Couldn’t help but notice that more than a few of those we’re missing their horns, funny how fast those disappear while their stored, also noticed some GP30’s still in blue/yellow warbonnet, the red and silver super fleet units were sharp when they were new, but they certainly didn’t age well, as far as running again, you’d be surprised what fresh fuel and batteries can do, UP had several stored on my area, didn’t turn a wheel for 5-6 years, mechanical dept spent a few days replacing filters, installing batteries and topping off fuel and water and all but a couple of them fired up and left under power, none of them had horns, bells, or builders plates after the first year


----------



## Jscullans (Jul 8, 2019)

I have been at the Union Pacific butler yard and there is about 50 locomotives in that yard that didn’t move all week. One of those locomotives is an old Chicago northwestern dash 9


----------



## Stumpy (Mar 19, 2013)

Fire21 said:


> Is this typical "throw away" American thinking?

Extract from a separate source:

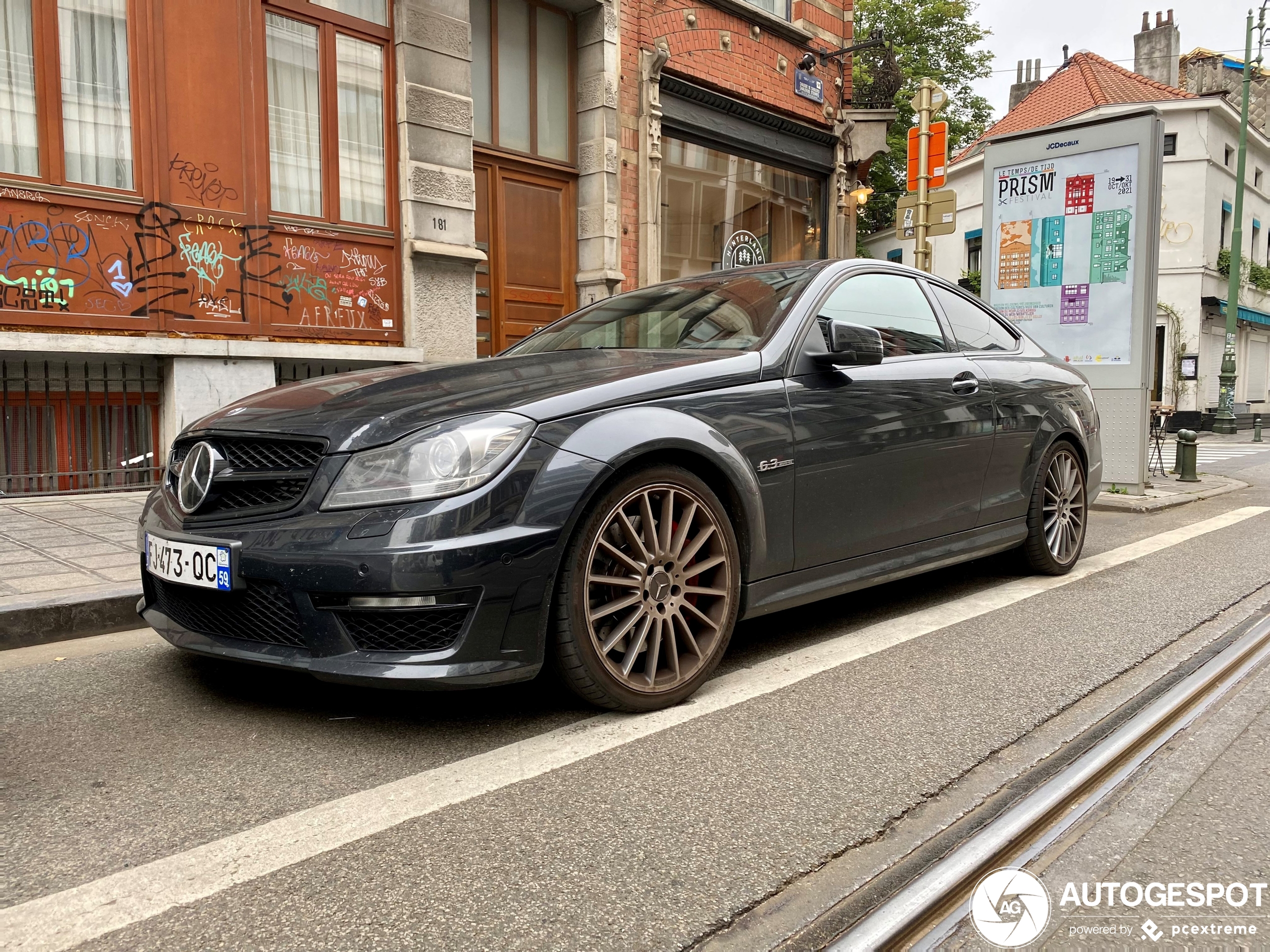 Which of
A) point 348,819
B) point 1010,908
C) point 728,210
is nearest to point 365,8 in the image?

Locomotives, warships... any "big iron" that get a little long in the tooth gets scrapped. Heck, Uncle Sam sold "Big E" for $1.


----------



## GTW son (12 mo ago)

See these yards on YouTube all the time, interesting stuff. There's supposed to be a CN funeral yard in Niagara.


----------



## BigGRacing (Sep 25, 2020)

I hope that we start producing more in North America and start taking care of North America again and ship more stuff by train around the applicable countries. I am getting tired of hearing about all the logistical issues driving prices shy high.....


----------



## Trackjockey05 (Jun 30, 2020)

Jscullans said:


> I have been at the Union Pacific butler yard and there is about 50 locomotives in that yard that didn’t move all week. One of those locomotives is an old Chicago northwestern dash 9


For awhile there were two, original paint unpatched CNW GE’s running around, they used to get consisted with the CNW heritage unit a lot when it first came out, then they disappeared and I figured they’d gotten the yellow dip job, then the last time UP had a family day at IRM in Union they were both there still in original paint, don’t know if they were just there for the family day or if they were donated to IRM as that was rumored, but Ive never found anything official in that regard


----------



## J.Albert1949 (Feb 3, 2018)

Is it me, or are most of those stored engines (aside from the gensets) GE's...?

Don't see many EMD's.

That oughta tell you sumthin' ...


----------



## MichaelE (Mar 7, 2018)

Tells me they bought more GEs than EMDs.


----------



## SF Gal (11 mo ago)

What a sight! It reminds me of the yards in the back of my Aunts house in Chicago when I was a preteen.
The SantaFe logo was everywhere. Very cool photographs, for sure. I get down to Texas a lot for vacation but usually farhter west in Port Aransas. I may have to plan some beach time on Galveston Island this Spring, just to checkout the yard!
Looks like Harbor Side drive near 40th street just south of Galveston Harbor.
Grand Galvez looks like a nice place to be pampered.
I was wondering if you can drive on the beach like you can in Port Aransas?
Hmmmmmmmm...very interesting, thanks for sharing, very cool photos!
A favorite pic.....


----------



## Murv2 (Nov 5, 2017)

The only cars we saw on the beach belonged to the city.


----------



## 1905dave (Sep 18, 2016)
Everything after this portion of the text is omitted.